И все же в действительности в основополагающей информа-ции о суфийских идеях нет недостатка. Информация имеется, но большая часть ее не изучается и не принимается теми, кто мог бы это делать. В связи с этим можно отметить еще одну характер-ную проблему, вызванную тем, где конкретно такие материалы появляются.

Большинство материалов по суфизму и суфиям, и среди них результаты превосходных наблюдений, исследований и полевой работы в Азии, Африке и Европе, появляются время от времени в обычной прессе. Но поскольку работы эти не всегда исходят от "признанных авторитетов" и появляются на свет в печатных органах, не считающихся авторитетными в данной "области", они могут остаться незамеченными.

ФОРМЫ СУФИЙСКОЙ ДЕЯТЕЛЬНОСТИ

Чему еще учат суфии, как они это делают, и какие специальные проблемы это изучение ставит перед теми, кто желал бы изучать их идеи из достоверного источника?

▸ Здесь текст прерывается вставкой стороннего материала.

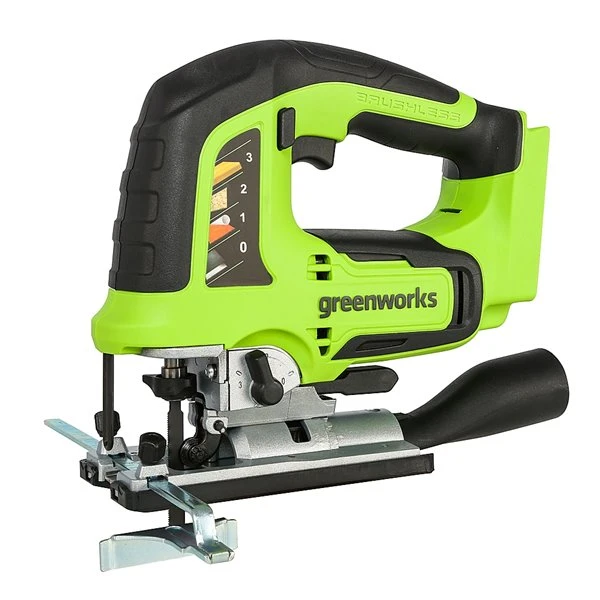 Greenworks 24V Cordless Brushless Jig Saw 1 Greenworks 24V Cordless Brushless Jig Saw
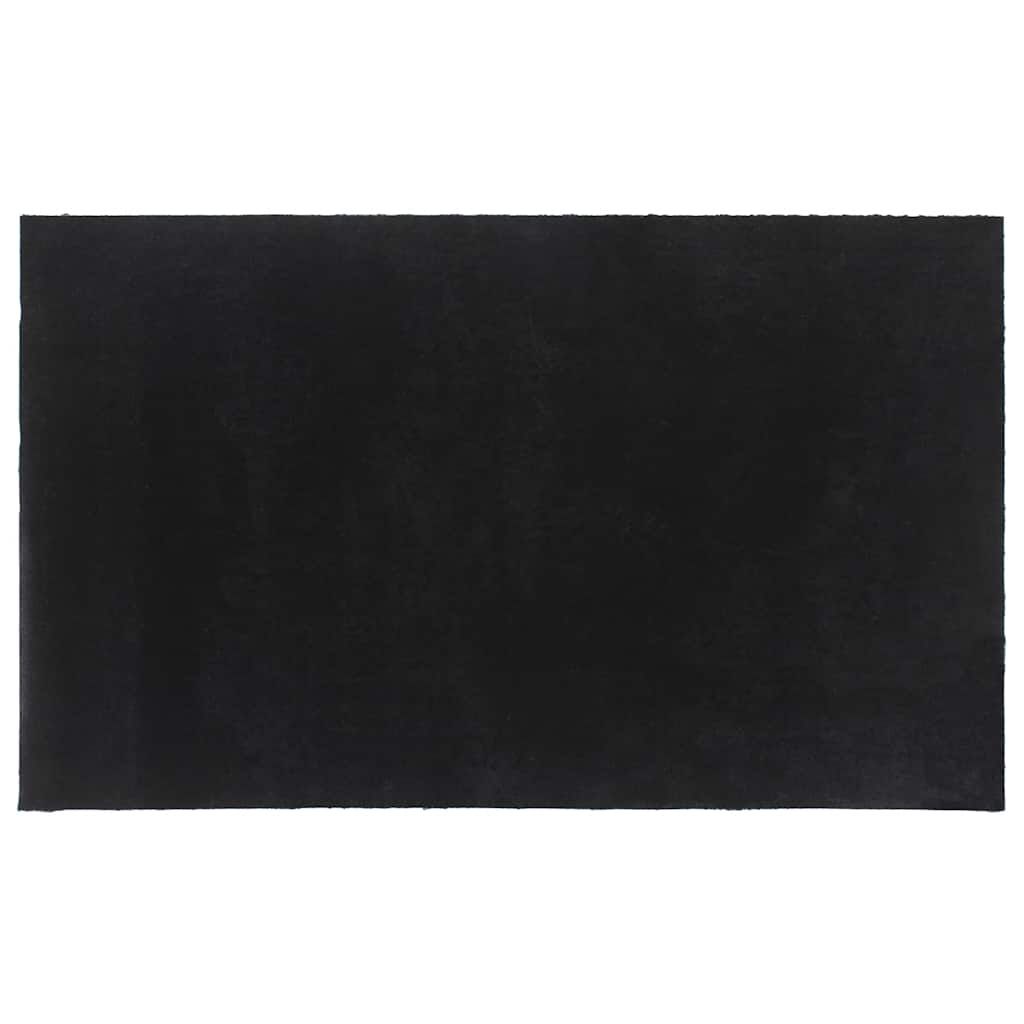 Zerbino Nero 90x150 cm Fibra di Cocco vidaXL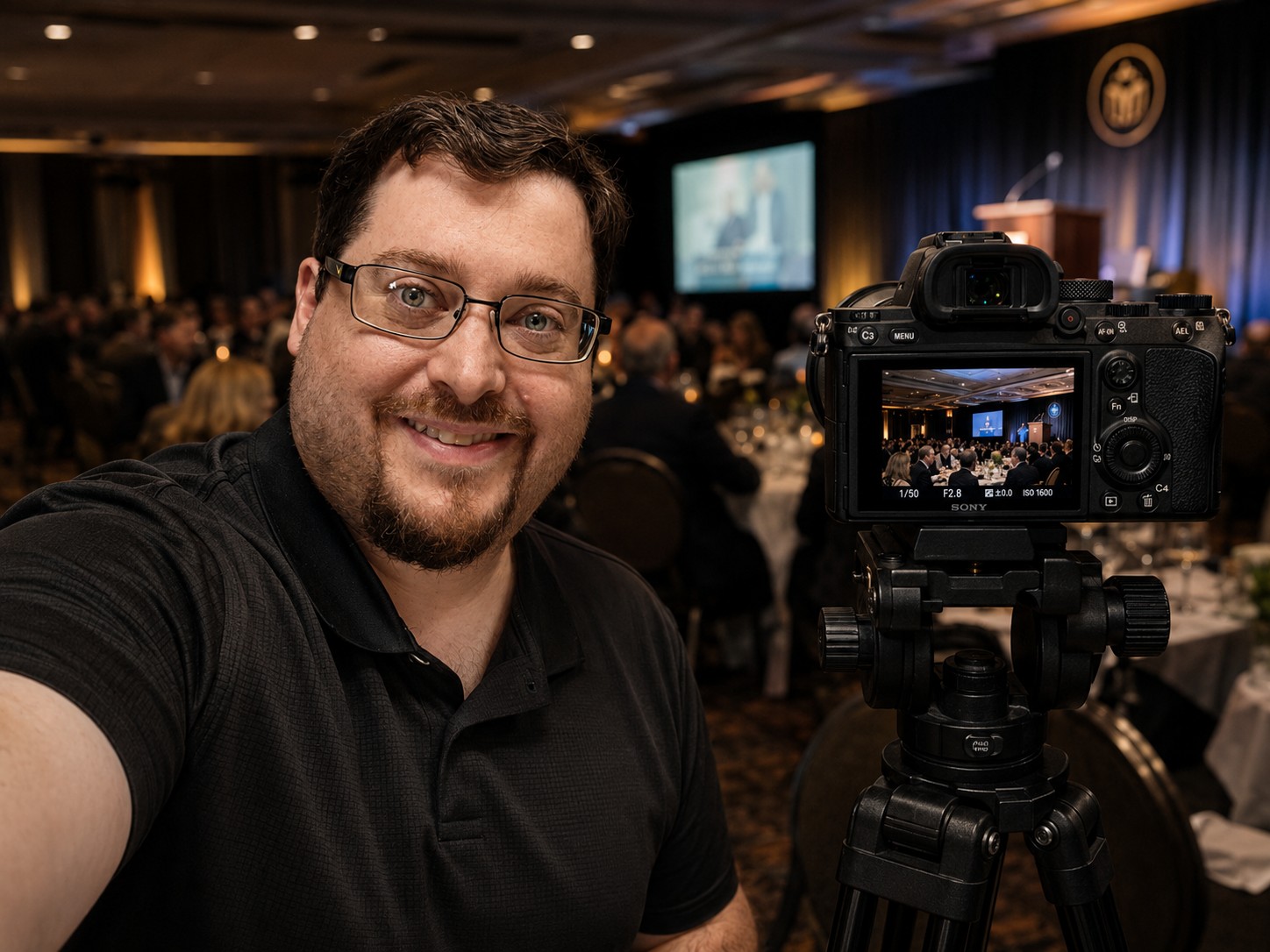 Photo and video work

Суфии утверждают, что имеется такая форма знания, доступная человеку, которая по сравнению со схоластической ученостью занимает такое же положение, как зрелость по отношению к младенчеству. Приведем, для примера, аль-Газали: "Ребенок не имеет действительного представления о достижениях взрослого. Рядовой взрослый не в силах понять достижения ученого мужа. Точно так же ученый не способен понять практику озаренных святых или суфиев". Это, для начала, вовсе не является концепцией, которая немедленно вызовет к себе расположение ученого. Эта проблема не нова. В одиннадцатом веке Мухаммад аль-Газали (АлГазел), который спас мусульманских богословов, истолковав исламские тексты таким образом, что это позволило им успешно отразить натиск греческой философии, поставил схоластов перед фактом, что природа их знания уступает знанию, достигаемому путем суфийской практики. Они сделали его своим героем, и их преемники до сих пор учатся его толкованиям как ортодоксальному исламу, несмотря на его утверждение, что академический подход является недостаточным и низшим по сравнению с истинным знанием.